My first ‘heavy medal’

I had to stop by my parent’s house on Monday to help my brother figure out some financial aid paperwork for school. He’ll be going into his third year at University of the Pacific in Stockton, my alma mater. Each year funding cuts have meant more “figuring out” when it comes to how we can afford to make college work for him.

So I told him I’d stop by and look over his paperwork. When I did, my mom motioned toward a cabinet next to the door.

“You have something there,” she said.

I looked down to the small little package from Competitor Group and I immediately knew it could only be one thing.

My first heavy medal.

Everything I’ve ever been told about these heavy medals is so true. Yes, it is really “heavy.” Yes, it’s beautiful. And yes, it felt awesome to get it in the mail. I can’t even describe how excited I was to get it in the mail.

I’m on track to earn a Triple Crown with if I finish the Rock ‘n’ Roll San Jose Half Marathon in October.

To earn the Rock Encore medal, I completed the half marathon in Pasadena (not my best race experience) and the full 26.2 miles of misery I ran in San Diego. The latter event was only on June 3. I kind of feel like that’s a nice turnaround.

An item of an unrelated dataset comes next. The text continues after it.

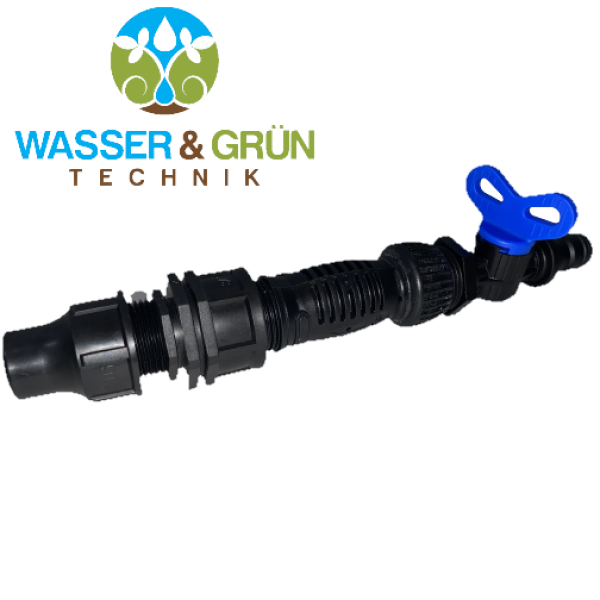 Kugelhahn, Hahnanschluss x 3/4" AG + Druckminderer 2,5 bar + Lock 16 mm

The original medals from those events weren’t too shabby either.

I love the Pasadena one because it has the bridge we ran across (said to be haunted even). I love the San Diego one because I earned it. That day, I really earned it. It was a tough, tough run.

A lot of races offer incentives such as extra medals to bring people back. Some runners compete as many of these events as possible to earn the biggest bling. I’m often not lured in by extras like this, if only because I’ve spent the past year figuring out what “my” events would be. I’ve tried a lot, not liked some, decided to go back to others.

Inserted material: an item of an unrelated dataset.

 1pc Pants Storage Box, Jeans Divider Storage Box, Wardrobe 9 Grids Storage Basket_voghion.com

The Oakland Half Marathon is one of the races I consider “mine.” No extra glam needed.

I was up in the air, though, about registering again for one of the San Francisco Marathon half events immediately after I finished it last year. (Now San Francisco is one of my favorite running destinations despite the killer hills.)

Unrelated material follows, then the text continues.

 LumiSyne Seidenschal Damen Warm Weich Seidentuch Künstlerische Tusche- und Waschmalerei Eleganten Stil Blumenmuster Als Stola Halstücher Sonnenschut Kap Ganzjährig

But then I was sent a notice about the Half it All Challenge.

Runners completing the 1st Half Marathon and the 2nd Half Marathon within a two year period, no matter the order, will get an awesome
“spinner” medal.

The medal is as big as the regular marathon medal, but has color added in and a nice ribbon. You get that on top of the key-chain medal participants get for running a half marathon.

It’s a pretty sweet piece of bling.

Last year, I ran the 2nd Half Marathon because I was utterly afraid of the 1st Half elevations. Then I ran the Nike Women’s Half in October. I was told the hills for the 1st Half aren’t nearly as bad as that. I can only hope that’s true.

So, rather than sign up to run the 2nd Half again, which I’m not sure I would have done. This Sunday, I’ll be waking up and getting a very early start (think 6:12 a.m.) in the dark on the Embarcedero in San Francisco for the 1st Half. I’m excited to be running across the Golden Gate Bridge for the first time ever.

But I’m also nervous about starting with so many runners at the beginning. Last year’s 2nd Half didn’t join the rest of the pack until later, and even then the bathroom lines were crazy. Let’s be real: I always worry about going to the bathroom before a race. It’s simple fact. I don’t want to start without going. There. I said it. This is a problem for me. I get very anxious about it.

I digress.

Did I sign up for the race because of the bling? No, there were other reasons. But the medal is a nice addition. And earning it (hopefully this half, my first since March, will be better than what I’d been doing, if not by time, then by experience) will be a nice cherry on top of the already sweetened deal of running across an iconic bridge.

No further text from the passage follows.